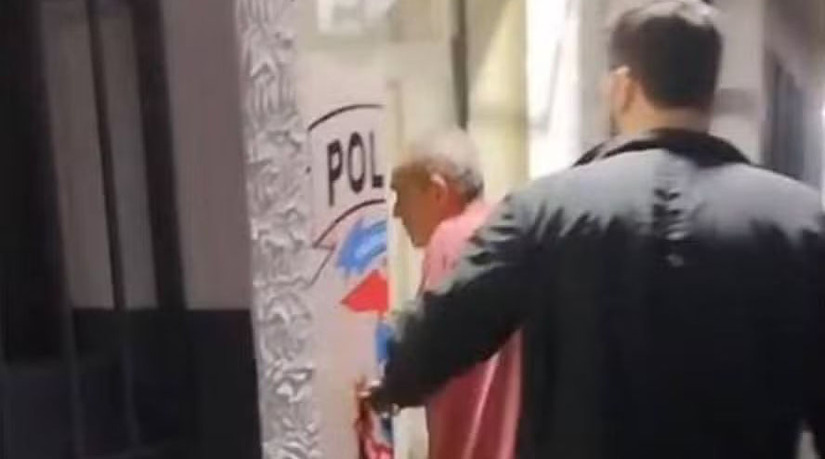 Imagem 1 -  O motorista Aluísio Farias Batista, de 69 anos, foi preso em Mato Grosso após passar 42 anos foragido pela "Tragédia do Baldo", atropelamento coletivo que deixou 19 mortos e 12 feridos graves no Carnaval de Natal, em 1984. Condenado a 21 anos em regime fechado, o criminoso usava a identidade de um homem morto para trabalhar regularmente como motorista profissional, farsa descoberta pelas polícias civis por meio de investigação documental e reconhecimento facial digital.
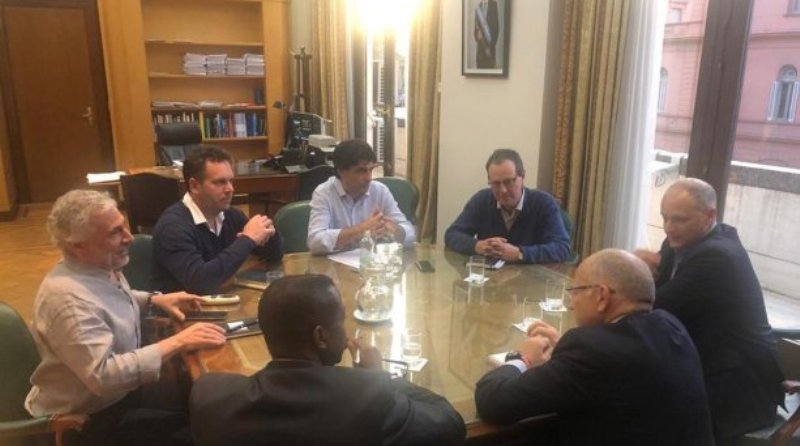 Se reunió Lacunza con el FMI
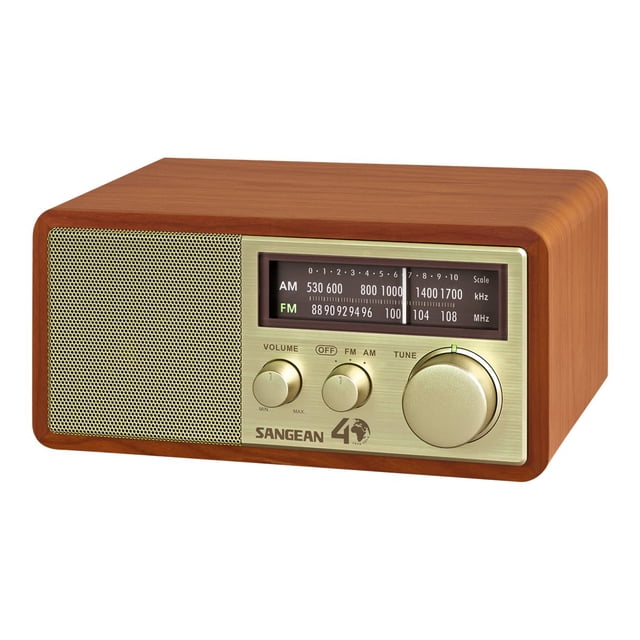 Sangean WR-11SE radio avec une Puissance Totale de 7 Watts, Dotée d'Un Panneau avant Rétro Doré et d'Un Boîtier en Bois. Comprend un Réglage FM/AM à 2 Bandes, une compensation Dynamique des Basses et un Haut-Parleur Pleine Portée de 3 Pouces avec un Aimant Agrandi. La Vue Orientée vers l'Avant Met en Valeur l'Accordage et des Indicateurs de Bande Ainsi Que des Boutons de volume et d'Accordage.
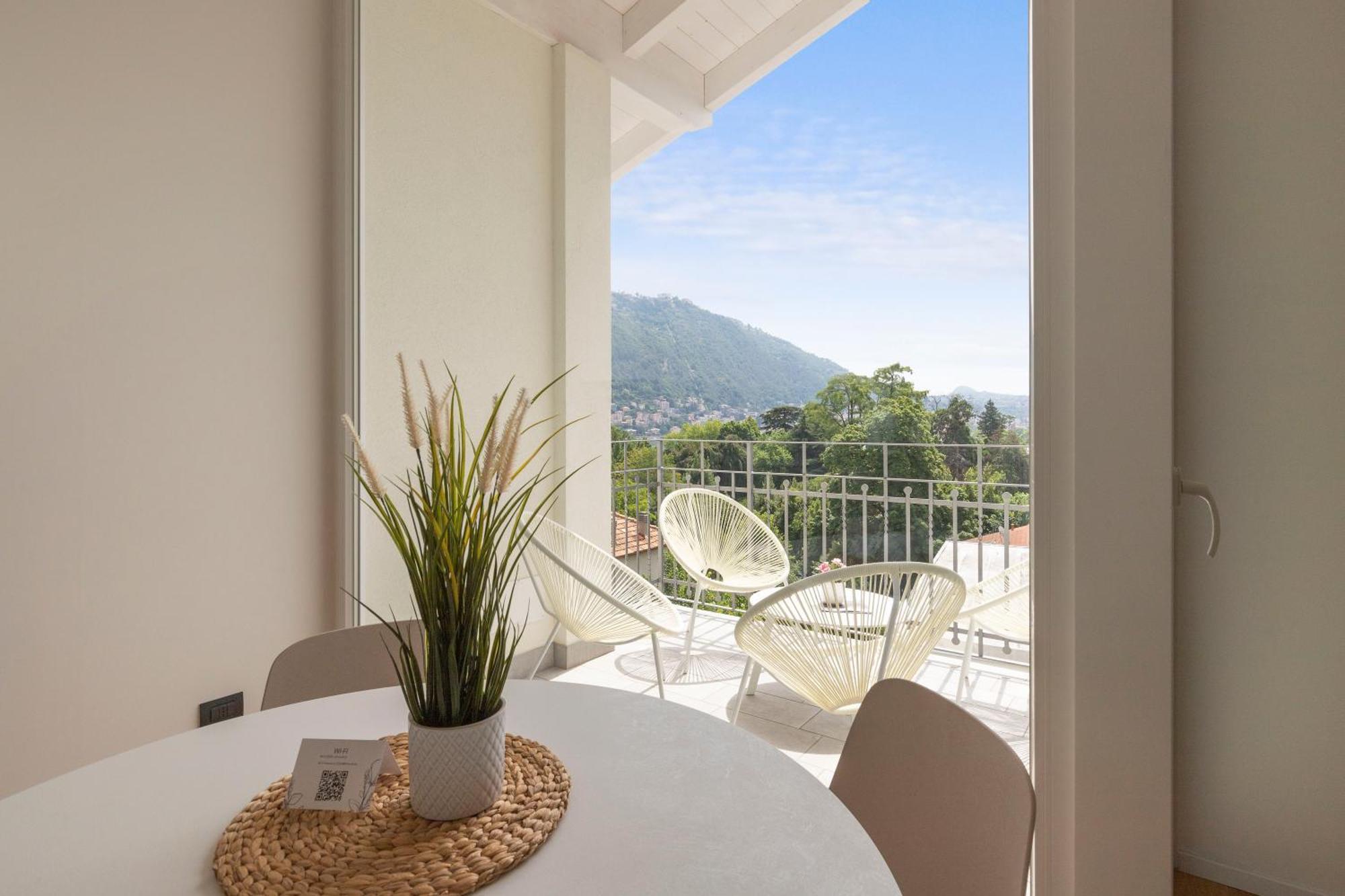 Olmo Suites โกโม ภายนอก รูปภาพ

- WHAT TO DO:
Give back the full listing above word for word, and let no picture through.

- TASK ANSWER:
 Imagem 1 -  O motorista Aluísio Farias Batista, de 69 anos, foi preso em Mato Grosso após passar 42 anos foragido pela "Tragédia do Baldo", atropelamento coletivo que deixou 19 mortos e 12 feridos graves no Carnaval de Natal, em 1984. Condenado a 21 anos em regime fechado, o criminoso usava a identidade de um homem morto para trabalhar regularmente como motorista profissional, farsa descoberta pelas polícias civis por meio de investigação documental e reconhecimento facial digital.
 Se reunió Lacunza con el FMI
 Sangean WR-11SE radio avec une Puissance Totale de 7 Watts, Dotée d'Un Panneau avant Rétro Doré et d'Un Boîtier en Bois. Comprend un Réglage FM/AM à 2 Bandes, une compensation Dynamique des Basses et un Haut-Parleur Pleine Portée de 3 Pouces avec un Aimant Agrandi. La Vue Orientée vers l'Avant Met en Valeur l'Accordage et des Indicateurs de Bande Ainsi Que des Boutons de volume et d'Accordage.
 Olmo Suites โกโม ภายนอก รูปภาพ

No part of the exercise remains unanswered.